The legacy of Latter-day Saint lingo lives on in my agnostic husband.

In 1993, The Church of Jesus Christ of Latter-day Saints produced a film called “Legacy.” It was about the Mormon pioneers making their way across the Plains to ultimately settle in Salt Lake City and open a surprising number of competing cookie and soda shops throughout the Mountain West.

This film played in a theater in downtown Salt Lake City’s Joseph Smith Memorial Building for the better part of the ‘90s and was viewed so frequently that my friends and I could quote most of it by heart, and we did so (not with the best of intentions).

There’s a scene in which the protagonist is bidding farewell to her fiancé, who is about to march off to war with the Mormon Battalion.
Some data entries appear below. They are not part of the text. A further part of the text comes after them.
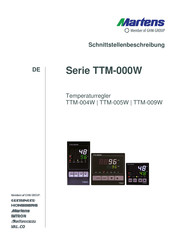 GHM Martens TTM-005W Schnittstellenbeschreibung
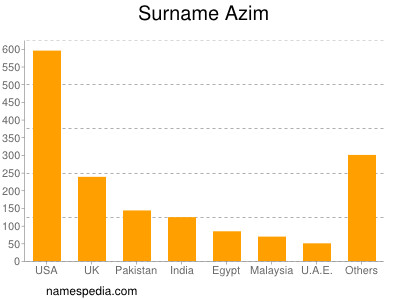 Surname Azim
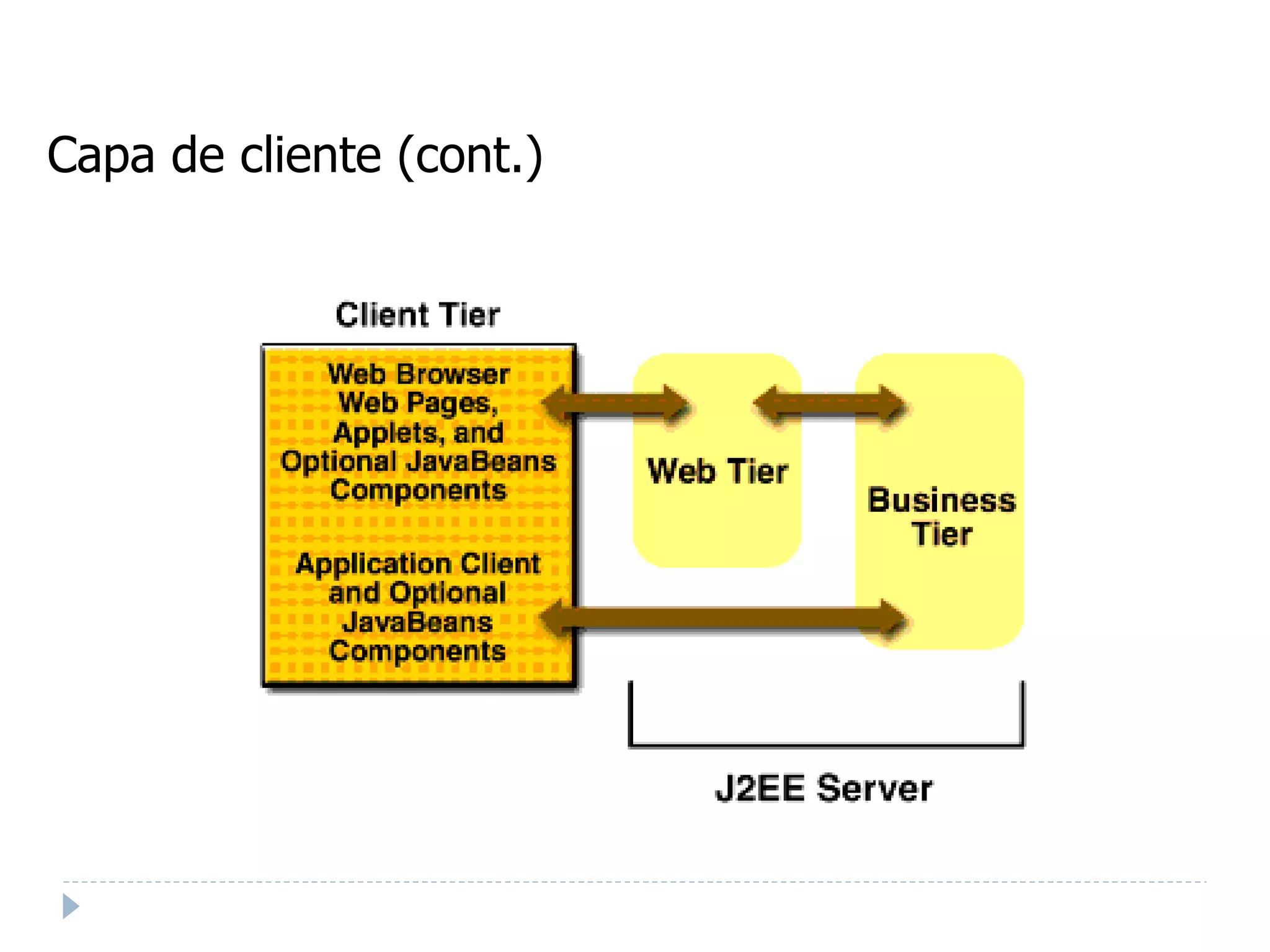 Capa de cliente (cont.) ‏ 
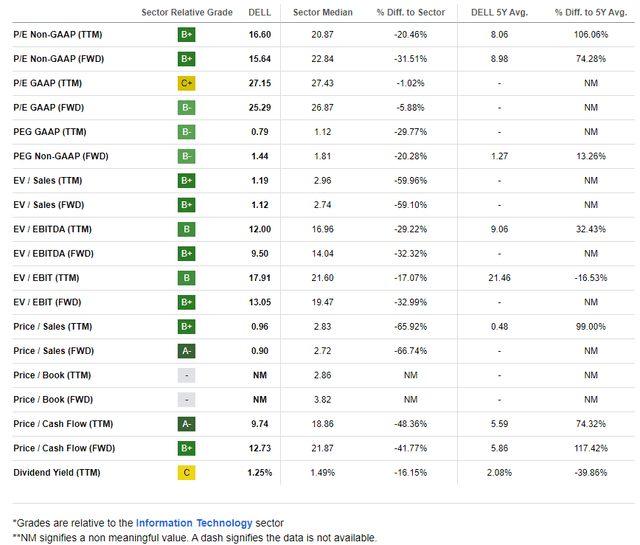 DELL: Reasonable Valuation Multiples, A Re-Rating vs History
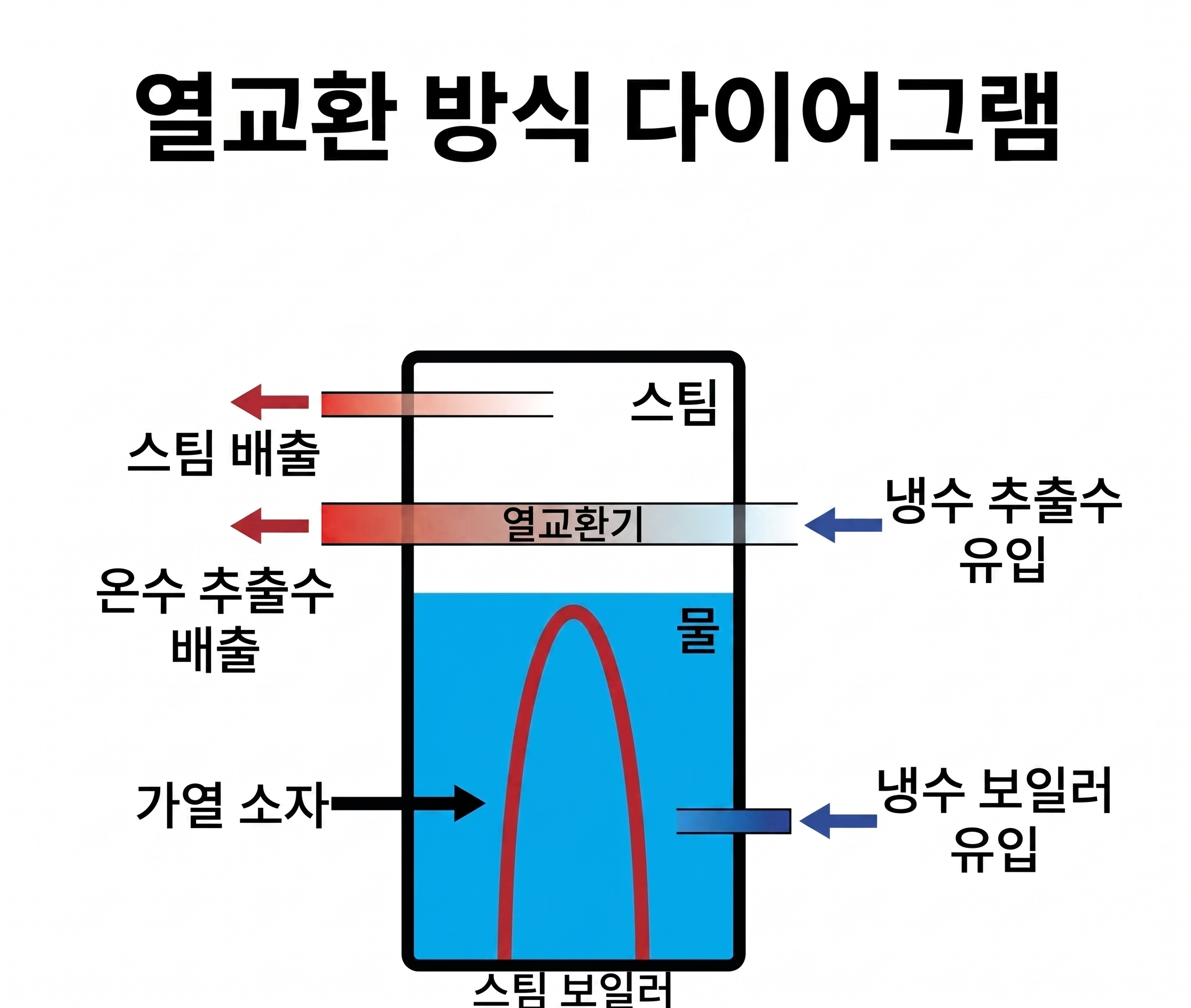 참조 이미지: 에스프레소 머신 열교환(Heat Exchange) 방식 메커니즘 다이어그램
대체 텍스트: 단일 스팀 보일러 내부에 열교환기를 설치하여 추출수를 가열하는 방식을 설명하는 기술 다이어그램입니다.

보일러 구조: 하단의 액체 상태 물 층과 상단의 기체 상태 스팀 층으로 구성된 하나의 커다란 스팀 보일러 탱크가 중심에 있습니다.

열교환기(Heat Exchanger): 스팀 보일러 내부 상단을 가로지르는 별도의 챔버(관)가 있어, 추출을 위한 냉수 추출수가 유입되어 보일러 내부의 열기로 가열된 후 온수 추출수로 배출되는 과정을 보여줍니다.

유입 및 가열: 보일러 우측 하단으로 냉수 보일러 유입이 이루어지며, 중앙의 가열 소자가 보일러 내부의 물을 직접 가열하여 스팀과 온수를 생성합니다.

배출 경로: 보일러 최상단에서 스팀 배출이 이루어지고, 열교환기 관을 통해 가열된 물이 온수 추출수 배출 경로로 나가는 이원화된 구조를 시각화했습니다.

공학적 맥락: 추출을 위한 별도의 챔버가 존재하지만, 스팀 보일러의 전체 열량에 의존하기 때문에 추출 온도가 주변 환경이나 사용량에 따라 변동될 수 있는 열역학적 특성을 설명하는 시각 자료입니다.

디자인 특징: 화이트 배경에 검은색 테두리의 보일러 도식, 그리고 냉수(파란색)와 온수/스팀(주황색/빨간색) 화살표를 사용하여 열전달에 따른 에너지 상태 변화를 명확하게 표현한 미니멀리즘 일러스트레이션입니다.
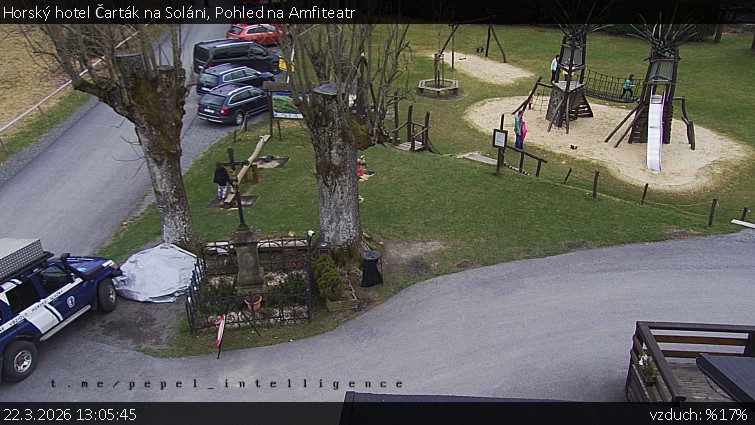 Horský hotel Čarták na Soláni - Pohled na Amfiteatr - 22.3.2026 v 13:05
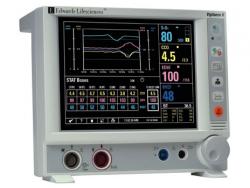 ������� Vigilance ��� ������������ ����������� �������� ���������� �������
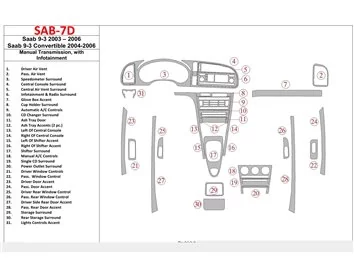 Saab 9-3 2003-2006 Manual Gear Box, With Infotaitment Interior BD Dash Trim Kit - 1 - Interior Dash Trim Kit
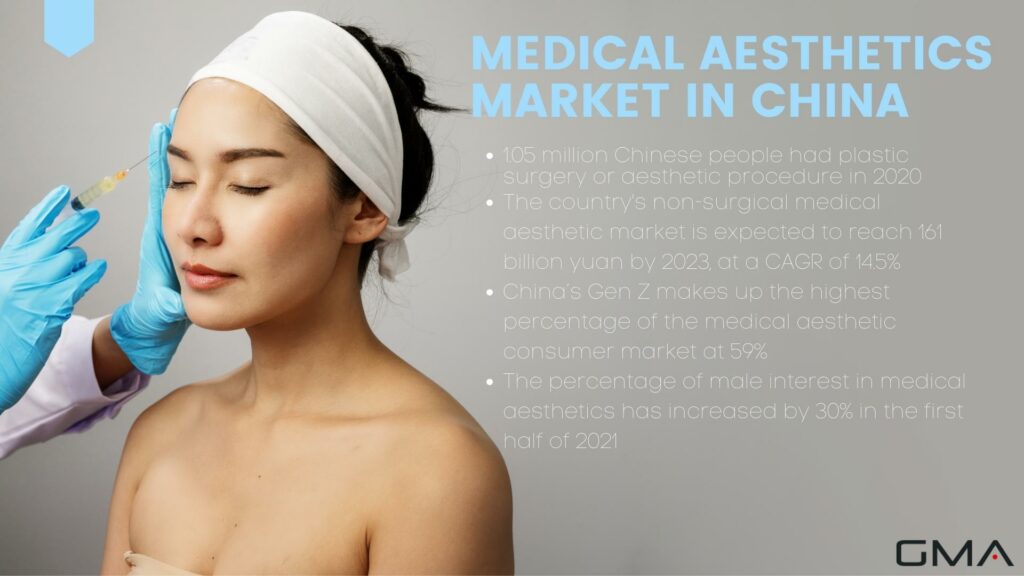 china medical aesthetics market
They are silhouetted in a forest, bonneted, wind-blown and sun-kissed. “It may be in Zion when we meet again,” the weepy fiancé predicts, referring to their plan to reconvene in Salt Lake City and plant a water-guzzling lawn in the desert at the conclusion of his military sojourn.

The protagonist shouts in response, “if we ever meet again, it will be Zion to me.”

My husband moved in 2016 to Salt Lake City, where he suddenly began learning about Mormon culture through a firehose. As a part of his education, someone, as a prank on me, began teaching him common phrases that had plagued my youth.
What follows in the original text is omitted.